**TASK GOAL**
Please copy the records exactly as they appear, with all pictures left out.

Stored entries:
◆ ◆ ◆ ◆ ◆ ◆ ◆
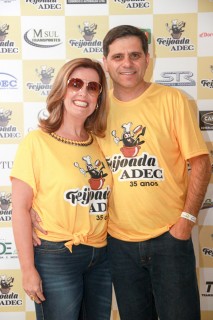 
<a style='margin-left: 5px;' class='btn btn-xs btn-social btn-facebook' href='https://www.facebook.com/sharer/sharer.php?u=https://galeramix.s01.web.getmuller.com.br/imagem/a35/800-800-90/conteudo/site_galerias/35/feijoada-adec-galera-mix-17.jpg' rel='popup' data-width='500' data-height='400'><i class='fa fa-facebook'></i>Compartilhar <span class='hidden-xs'>no Facebook</span>
</a> 
<a class='btn btn-default btn-xs' target='_blank' href='imagem/a35/800-800-90/conteudo/site_galerias/35/feijoada-adec-galera-mix-17.jpg'>
<span class='glyphicon glyphicon-cloud-download'></span> Salvar
</a>
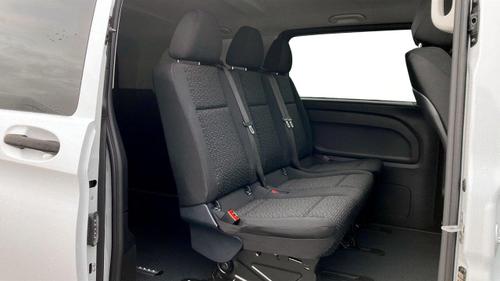 Mercedes-Benz Vito Photo at-0598c53629224a7284ada70d47211f0e.jpg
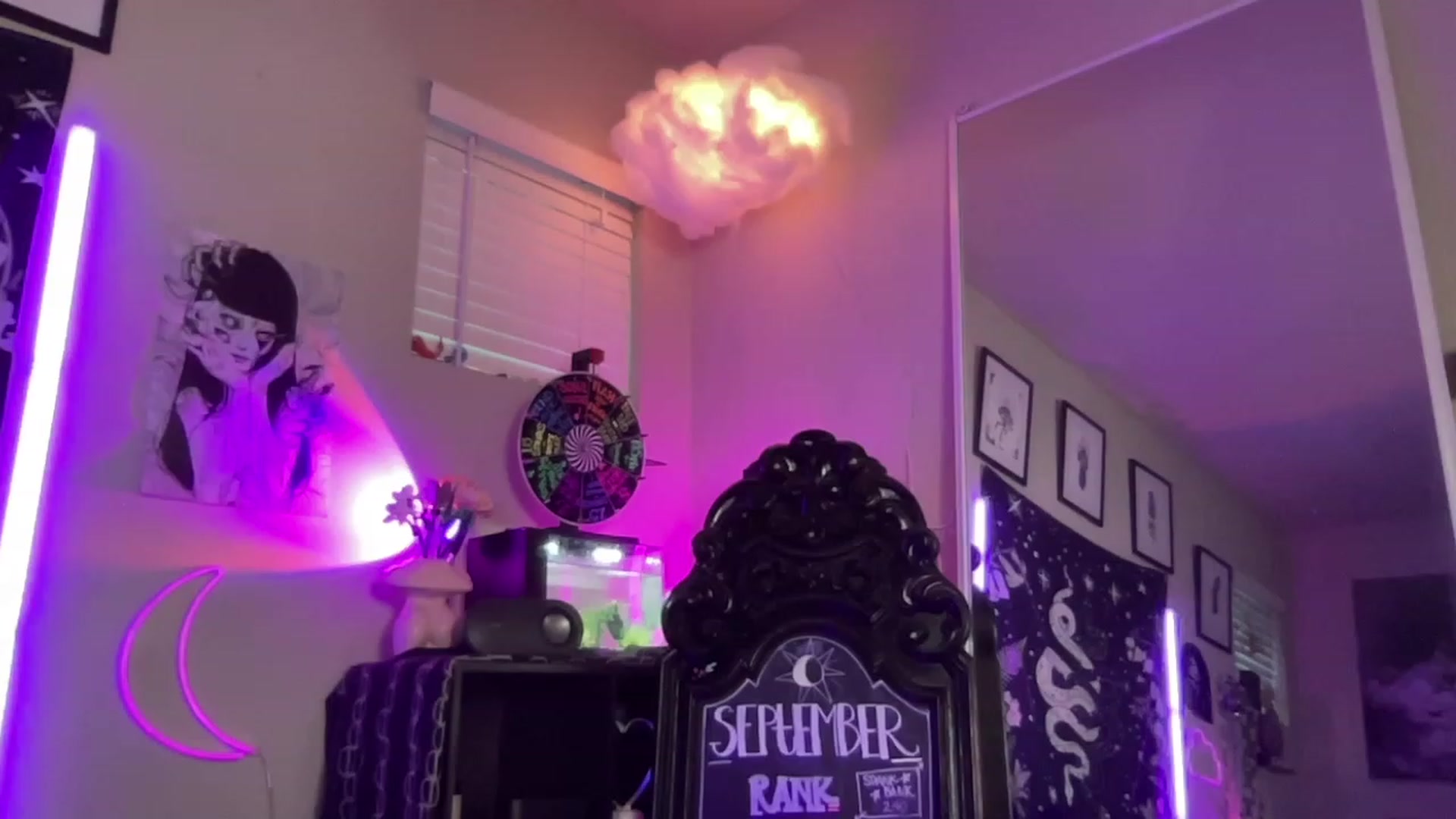 Gallery image thumbnail from RileyWoods's myfreecams stream on, 09/25/2023, 01:34 image 9 of 20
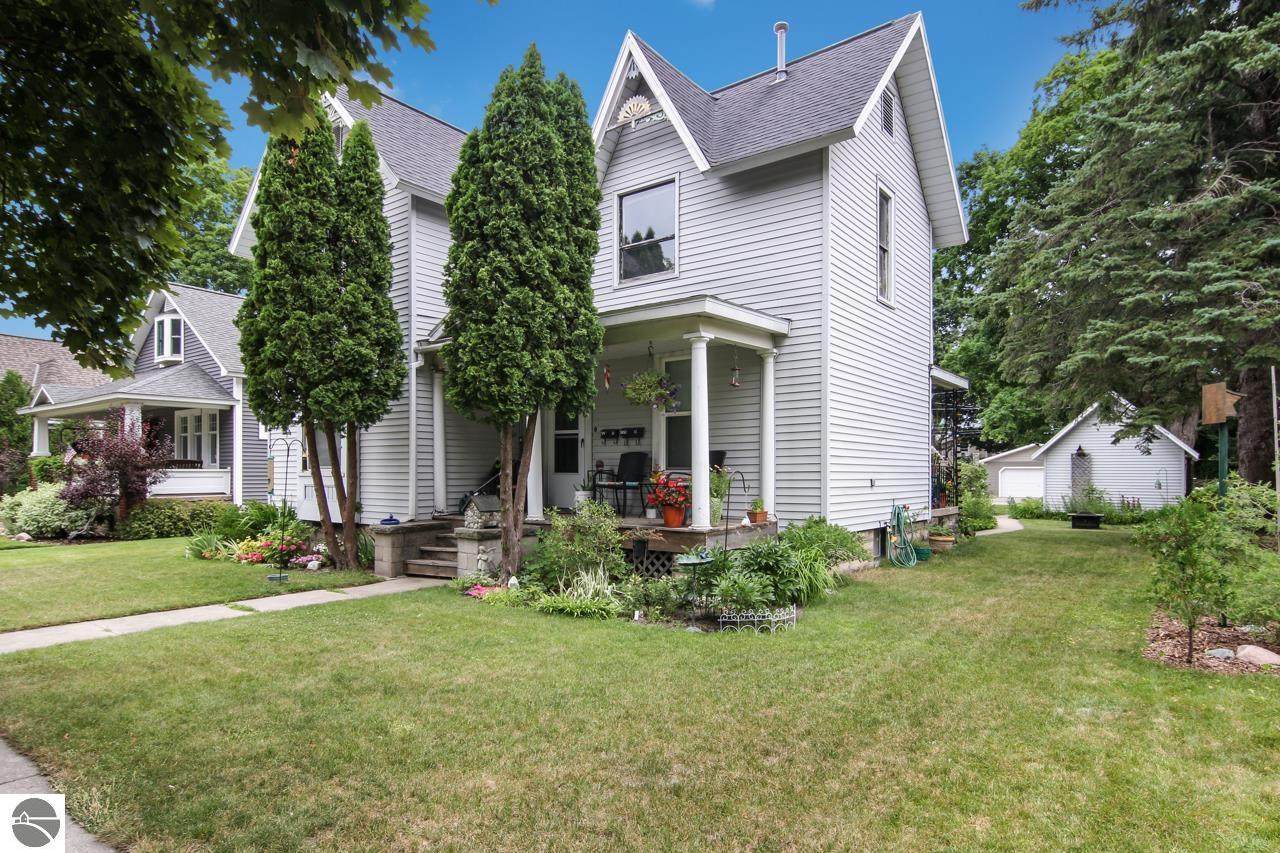 128 Elmwood Avenue - Photo 1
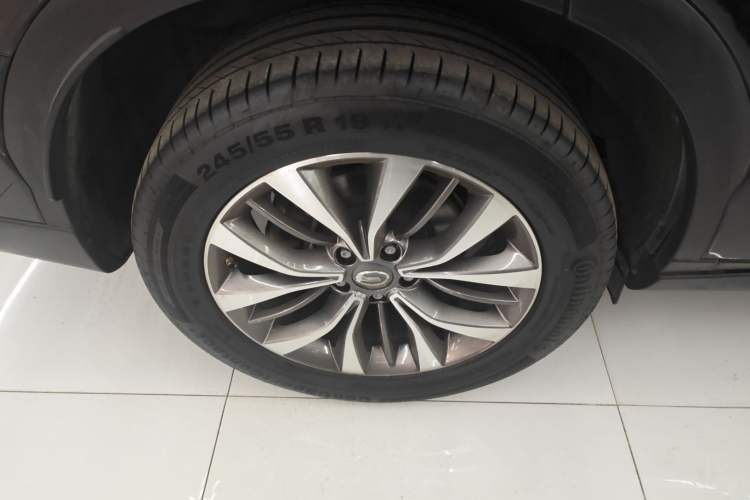 Used GAC Trumpchi GS8 2017 320T Two-Wheel Drive Luxury Smart Connectivity Version (7 Seats) Right Rear Wheel Hub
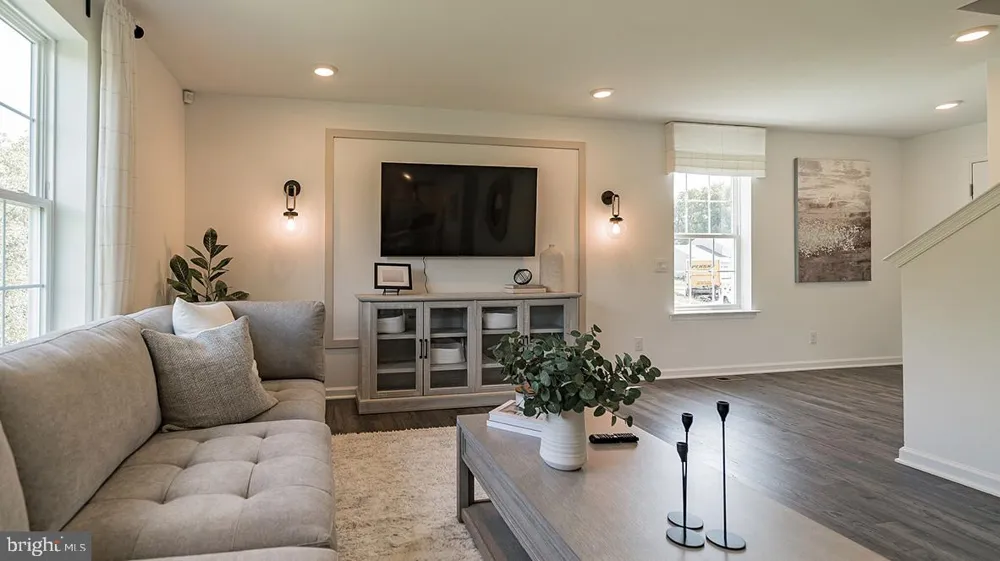 21 HATTERAS CIRCLE Egg Harbor Township, NJ 08234
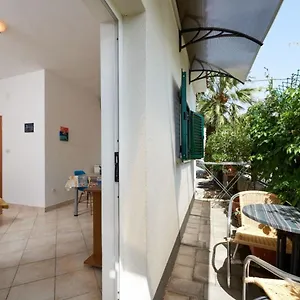 Apartman Mare - 30 M From Pebble, Seget Vranjica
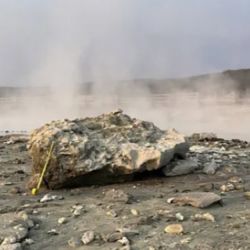 La roca más grande que formó parte de la explosión hidrotermal.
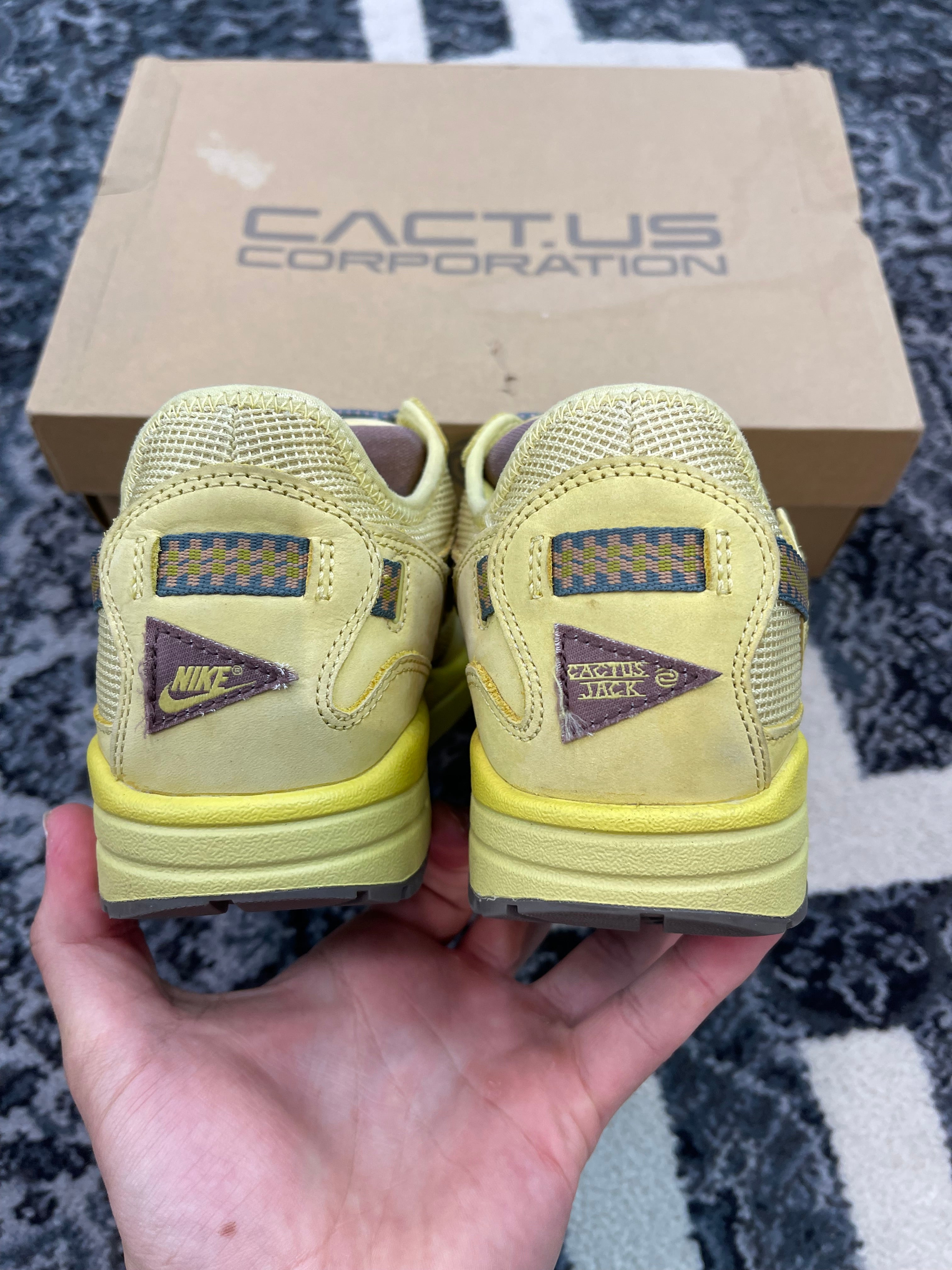 Nike Air Max 1 x Travis Scott “Saturn Gold”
◆ ◆ ◆ ◆ ◆ ◆ ◆
**SOLVED EXERCISE**
<a style='margin-left: 5px;' class='btn btn-xs btn-social btn-facebook' href='https://www.facebook.com/sharer/sharer.php?u=https://galeramix.s01.web.getmuller.com.br/imagem/a35/800-800-90/conteudo/site_galerias/35/feijoada-adec-galera-mix-17.jpg' rel='popup' data-width='500' data-height='400'><i class='fa fa-facebook'></i>Compartilhar <span class='hidden-xs'>no Facebook</span>
</a> 
<a class='btn btn-default btn-xs' target='_blank' href='imagem/a35/800-800-90/conteudo/site_galerias/35/feijoada-adec-galera-mix-17.jpg'>
<span class='glyphicon glyphicon-cloud-download'></span> Salvar
</a>
 Mercedes-Benz Vito Photo at-0598c53629224a7284ada70d47211f0e.jpg
 Gallery image thumbnail from RileyWoods's myfreecams stream on, 09/25/2023, 01:34 image 9 of 20
 128 Elmwood Avenue - Photo 1
 Used GAC Trumpchi GS8 2017 320T Two-Wheel Drive Luxury Smart Connectivity Version (7 Seats) Right Rear Wheel Hub
 21 HATTERAS CIRCLE Egg Harbor Township, NJ 08234
 Apartman Mare - 30 M From Pebble, Seget Vranjica
 La roca más grande que formó parte de la explosión hidrotermal.
 Nike Air Max 1 x Travis Scott “Saturn Gold”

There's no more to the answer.